Geplaatst op: 30 april 2024 Bron: https://www.mr-online.nl/massaclaim-makkelijker-en-kansrijker-financiering-is-nog-een-hindernis/

Vergeleken met de Verenigde Staten staat de afwikkeling van massaclaims in Nederland nog in de kinderschoenen, ook sinds de invoering van de Wet afwikkeling massaschade in collectieve actie. Maar deskundigen verwachten na de succesverhalen met woekerpolissen, sjoemelsoftware en de borstimplantaten meer overwinningen voor gedupeerden die zich verenigen in een claimstichting. “Als de politiek maatschappelijke problemen niet adequaat aanpakt, kiezen gedupeerden voor de juridische weg. Dan zie je massaclaims komen.”

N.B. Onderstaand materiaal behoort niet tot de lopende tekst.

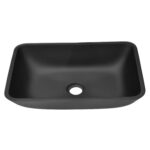 13.0" L -18.13" W -4" H Matte Shell Glass Rectangular Vessel Bathroom Sink in Black with Matte Black Faucet and Pop-Up Drain in Matte Black - Image 10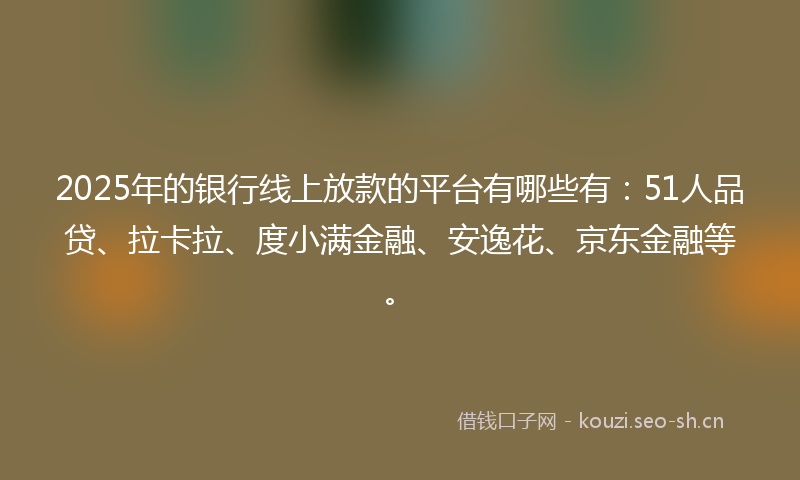2025年的银行线上放款的平台有哪些有：51人品贷、拉卡拉、度小满金融、安逸花、京东金融等。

Het grootste succes sinds de invoering van de Wet afwikkeling massaschade in collectieve actie (WAMCA) op 1 januari 2020? Specialist in massaclaims Bonne van Hattum (The Evaluators) hoeft er niet lang over na te denken: ”De Allergan-zaak.” In deze zaak boekte de Clara Wichman Stichting bij de rechter een overwinning op Allergan, de producent van borstimplantaten. “Dat was een mijlpaal omdat de wet nieuw is en veel vragen nog niet beantwoord zijn,” zegt Van Hattum. “De vraag was of je immateriële schade kunt vorderen in een collectief verband, en zo ja hoe dat dan moet. Door de uitspraak van de rechter weten we dat het kan, en dat kan effect hebben op andere zaken waarbij immateriële schade een rol speelt, zoals de aardbevingsschade in Groningen. Daar zijn niet alleen de huizen maar ook de mensen beschadigd. Partijen krijgen nu duidelijkheid via jurisprudentie.”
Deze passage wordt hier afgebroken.